Cantonal cancer registries

The registration of adults with cancer has been and is organised cantonally in Switzerland and occurs in 13 cancer registries. Each year, the cancer registries record all new cancer cases diagnosed in the respective cantonal population. Each registry has its own institutional structure and works closely with hospitals, physicians, pathological laboratories and other institutions that have information on cancer (e.g. death statistics from the Federal Statistical Office). The resident registries of cantons are also consulted to regularly check whether patients are still alive or have died.

Switzerland’s first cantonal cancer registry was founded in Basel in 1969 (but electronic data is only available from 1981 on). After that, additional registries were established in the Cantons of Geneva (1970), Vaud and Neuchâtel (1974), Zurich (1980), St. Gallen and the two Cantons of Appenzell (1980), Wallis (1989), Graubünden (1989), Glarus (1992) and Ticino (1996). After the turn of the millennium, cancer registration began in the Canton of Jura (2005), the Cantons of Central Switzerland (2010/2011), Zug (2011), and the Cantons of Thurgau (2012), Aargau (2013), Bern (2014) and Solothurn (2019). Schwyz and Schaffhausen joined the cancer registration system on 1 January 2020, with the entry into force of the Cancer Registration Act (CRA).

 

Cancer registration for children and adolescents

The Swiss Childhood Cancer Registry has been recording cancer in children and adolescents throughout Switzerland since 1976. It was founded by the Swiss Paediatric Oncology Group (SPOG). The Cancer Registration Act (CRA), which came into force on 1 January 2020, stipulates that a National Childhood Cancer Registry must be maintained. In the summer of 2018, the federal government entrusted this task to the group consortium (SPOG/University of Bern). In 2020, the registry division of the SCCR thus became the federal government’s Childhood Cancer Registry (ChCR), which records cancer in children and adolescents up to and including 20 years of age throughout Switzerland. The Childhood Cancer Registry is located at the Institute for Social and Preventive Medicine of the University of Bern (ISPM). A detailed description of the history of cancer registration of children and adolescents can be found on the website of the Childhood Cancer Registry.

 

The National Agency for Cancer Registration

In 1978, the Swiss Cancer Registries Network (VSKR) was founded with the aim of standardising data collection, creating an intercantonal database and promoting epidemiological cancer research at the national level. In 2007, the Zurich-based National Institute for Cancer Epidemiology and Registration (NICER) emerged from this network as an independent foundation. Since its foundation, NICER has been coordinating cancer registration in Switzerland, collecting the data of cantonal cancer registries, harmonising their work, ensuring data quality and carrying out evaluations at a national level. Another goal of the foundation is to promote epidemiological cancer research in Switzerland. The national Cancer Registration Act (CRA) was accompanied by the establishment of the National Agency for Cancer Registration (NACR). By order of the Federal Department of Home Affairs (FDHA), the National Institute for Cancer Epidemiology and Registration (NICER) has been mandated to carry out the tasks of the National Agency for Cancer Registration (NACR) since 2018.

 

Changes made by the Cancer Registration Act

In March 2016, parliament passed the federal act on the registration of cancer (Cancer Registration Act, CRA). In April 2018, the Federal Council adopted the corresponding ordinance (CRO Cancer Registration Ordinance). The law came into force on 1 January 2020.

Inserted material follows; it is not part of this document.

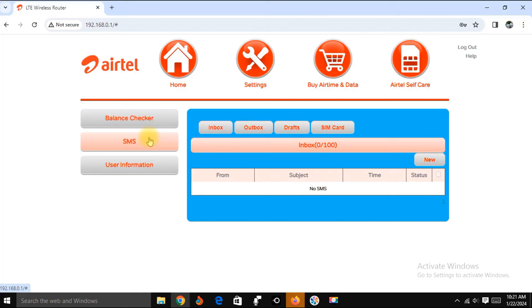So this is how you basically check whatever information you want - maybe data balance or airtime balance on your router SIM using this interface. Thank you very much for watching.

The Cancer Registration Act (CRA) regulates the collection of meaningful and reliable data on cancer, pre-cancerous tumours and certain benign tumours in Switzerland. It introduces some innovations such as the regulation of patient protection, a reporting obligation, the use of the OASI number as a personal identifier, as well as the standardisation of the dataset, registration and data transmission.

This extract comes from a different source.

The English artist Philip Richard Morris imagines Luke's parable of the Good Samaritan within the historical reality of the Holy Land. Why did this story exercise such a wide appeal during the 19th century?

Since 1 January 2020, physicians, hospitals and private and public health institutions that diagnose or treat cancer must report defined information on specified types of cancer to the responsible cantonal cancer registry or to the Childhood Cancer Registry. Since 1 January 2020, each canton has been obliged to maintain a cancer registry or to join an existing registry.

The purpose of the Cancer Registration Act is to improve the basis of the data for monitoring the development of cancer. The collected data is also used to develop, implement and review prevention and screening programs, to evaluate the quality of care, diagnosis and treatment, and to support care planning and research.